─── Input data

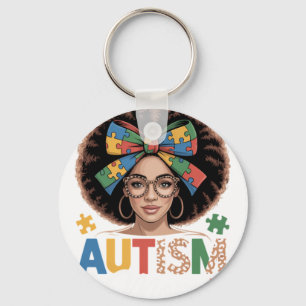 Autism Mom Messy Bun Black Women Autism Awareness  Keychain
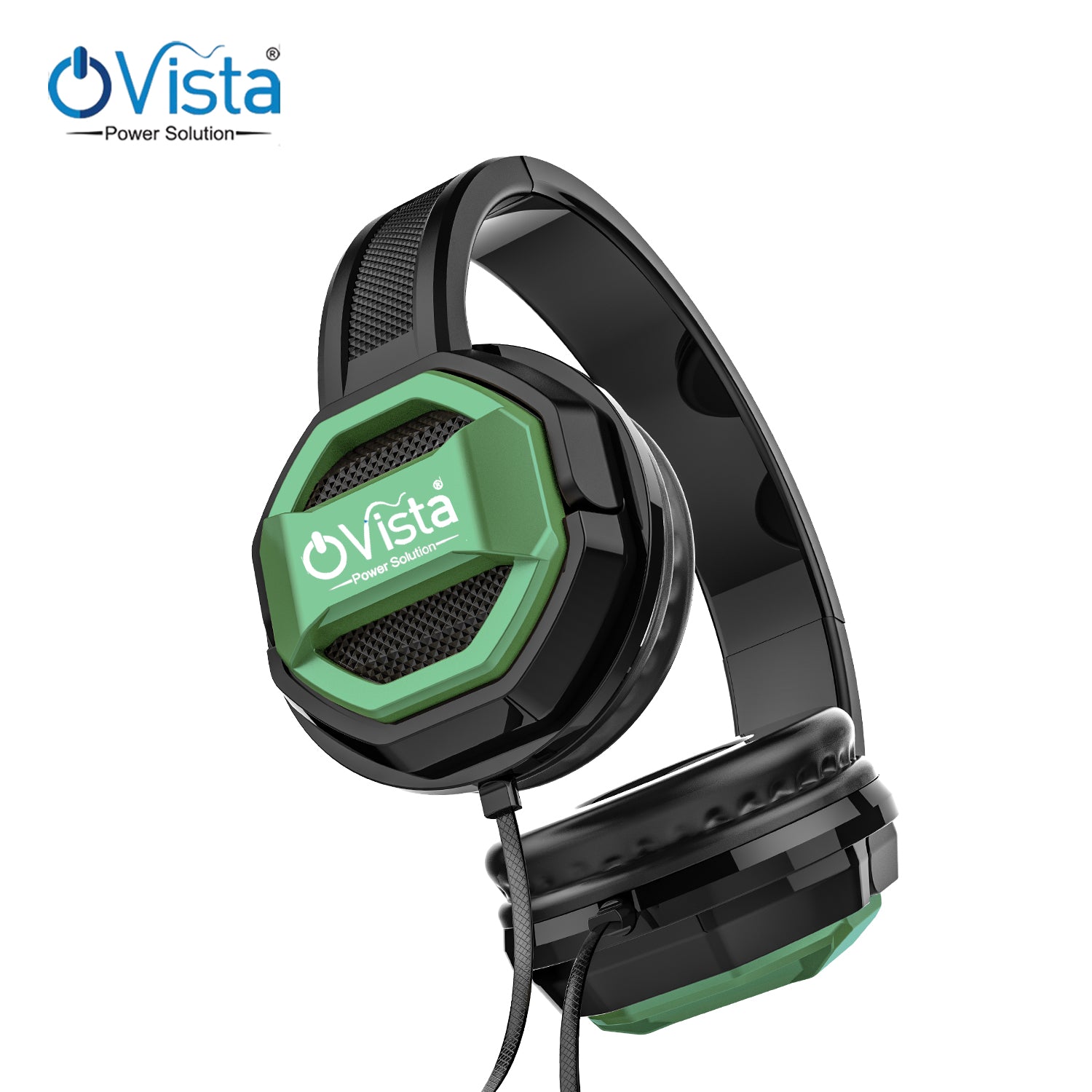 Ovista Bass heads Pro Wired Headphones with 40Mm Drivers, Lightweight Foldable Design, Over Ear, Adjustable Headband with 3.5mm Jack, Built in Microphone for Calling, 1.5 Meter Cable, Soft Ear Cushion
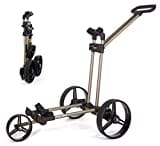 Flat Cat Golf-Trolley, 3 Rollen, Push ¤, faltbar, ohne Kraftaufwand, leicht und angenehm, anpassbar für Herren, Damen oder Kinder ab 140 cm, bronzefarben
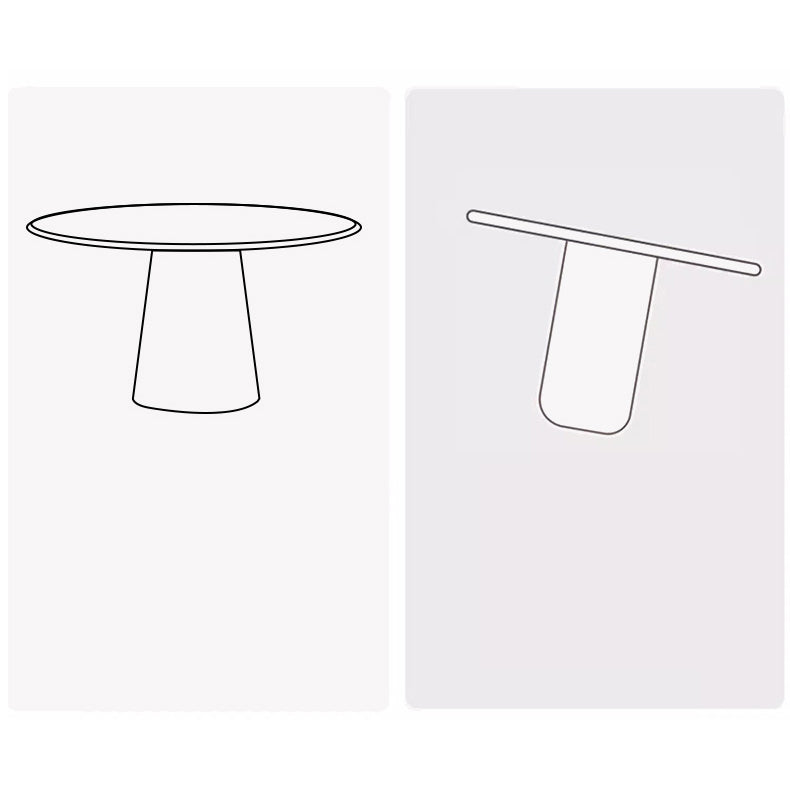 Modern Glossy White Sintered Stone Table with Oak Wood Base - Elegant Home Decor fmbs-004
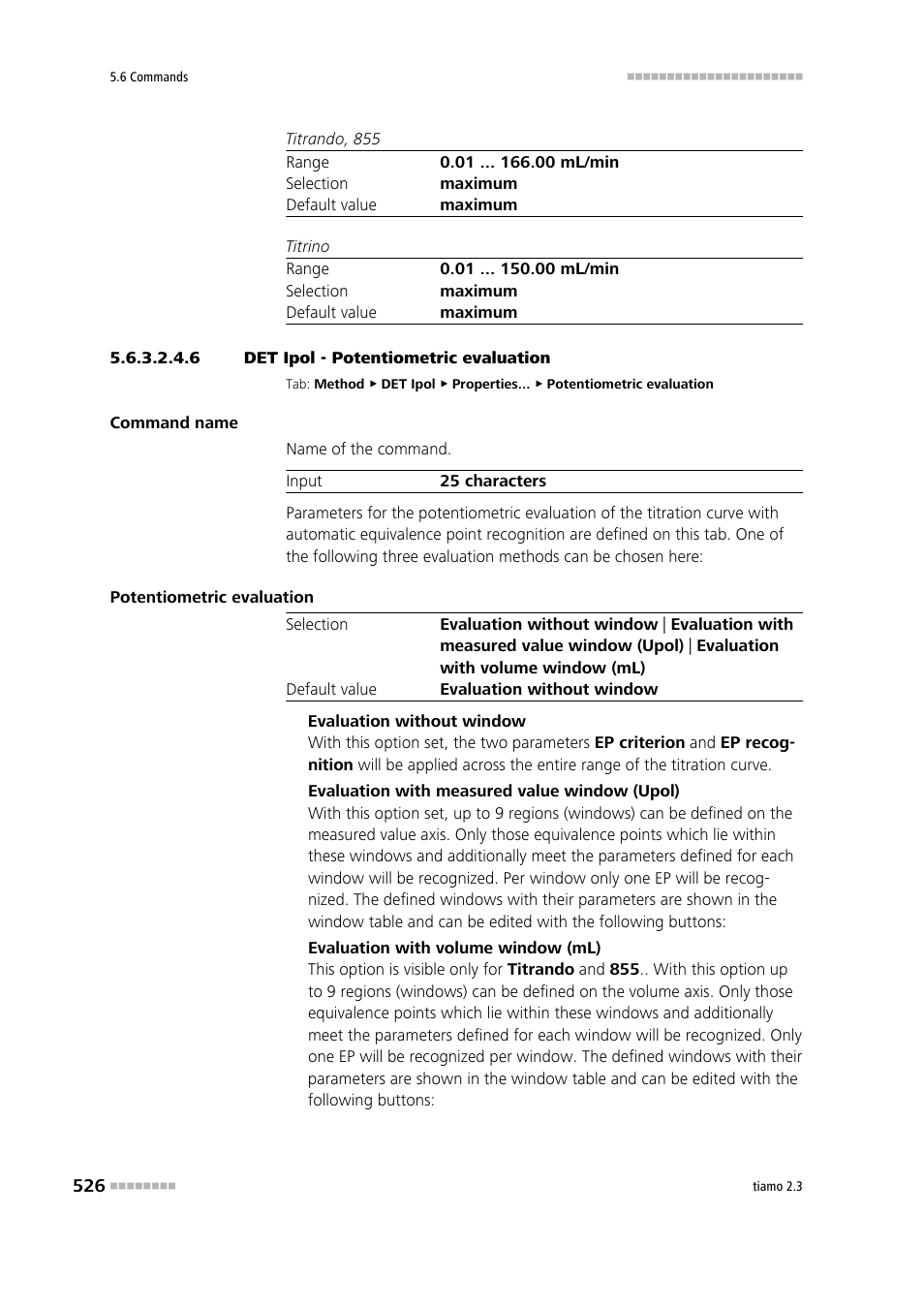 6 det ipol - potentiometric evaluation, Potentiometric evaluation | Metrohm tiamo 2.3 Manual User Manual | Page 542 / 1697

──────

Task:
Write out the material above once more, exactly as it reads, with no pictures.

Task answer:
 Autism Mom Messy Bun Black Women Autism Awareness  Keychain
 Ovista Bass heads Pro Wired Headphones with 40Mm Drivers, Lightweight Foldable Design, Over Ear, Adjustable Headband with 3.5mm Jack, Built in Microphone for Calling, 1.5 Meter Cable, Soft Ear Cushion
 Flat Cat Golf-Trolley, 3 Rollen, Push ¤, faltbar, ohne Kraftaufwand, leicht und angenehm, anpassbar für Herren, Damen oder Kinder ab 140 cm, bronzefarben
 Modern Glossy White Sintered Stone Table with Oak Wood Base - Elegant Home Decor fmbs-004
 6 det ipol - potentiometric evaluation, Potentiometric evaluation | Metrohm tiamo 2.3 Manual User Manual | Page 542 / 1697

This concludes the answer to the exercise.